When My Country Invaded Ukraine, I Faced a Choice: Give Me Propaganda or Give Me Death

A month later, the world saw images of mass graves in the Kyiv suburb of Bucha, dead limbs sticking out of the sand. Outside our building one morning, on an old brick wall that was previously empty, was a fresh message, the paint still wet: “Russians, go home.” My boyfriend went back to Russia so he could obtain a European visa, promising he would be back in a month, but he never returned.


I spent the rest of the year on the move: Cyprus, Estonia, Norway, France, Austria, Hungary, Sweden. I went where I had friends. The independent Russian media that I’d always consumed went into exile too, setting up operations where they could. TV Rain began broadcasting out of Amsterdam. Meduza moved its Russian branch to Europe. The newspaper Novaya Gazeta, cofounded by the Nobel Peace Prize laureate Dmitry Muratov, reopened in Latvia. Farida Rustamova, a former BBC Russia correspondent, fled and launched a Substack called Faridaily, where she began publishing information from Kremlin insiders. Journalists working for the independent news website Important Stories, which published names and photos of Russian soldiers involved in the murder of civilians in a Ukrainian village, went to Czechia.

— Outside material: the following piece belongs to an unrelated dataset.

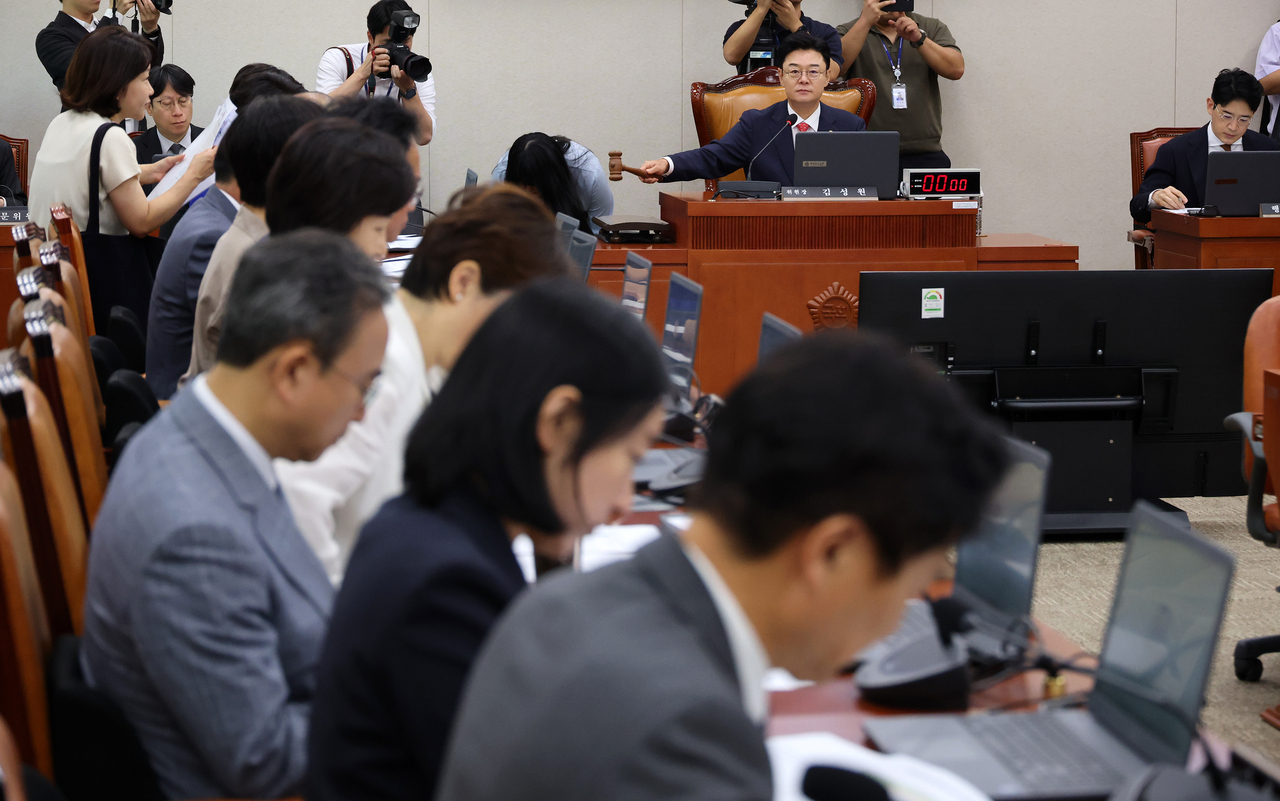 Committee Chairman Kim Seong-won gavels a plenary session of the National Assembly's Trade, Industry, SMEs and Startups Committee on Sept. 8. [Yonhap]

These, along with 247,000 other websites, were blocked at the behest of the Prosecutor General’s Office but remained accessible in Russia through VPNs.

“During the first days of the war, everything was in a fog,” says Ilya Krasilshchik, the former publisher of Meduza, who went on to found Help Desk, which combines news media and a help hotline for those impacted by war. “We felt it our duty to inform people of what the Russian army was doing in Ukraine, to document the hell that despair and powerlessness leave in their wake. But we also wanted to empathize with all of the people caught up in this meat grinder.” Taisiya Bekbulatova, a former special correspondent for Meduza and the founder of the news outlet Holod, tells me, “In nature you find parasites that can force their host to act in the parasite’s own interest, and propaganda, I believe, works in much the same way. That’s why we felt it was our duty to provide people with more information.”

I wanted to continue my work in journalism, but the publications that had fled Russia weren’t hiring. My application for a Latvian humanitarian visa as an independent journalist was rejected, and I didn’t have the means to pay the fees for US or UK talent visas.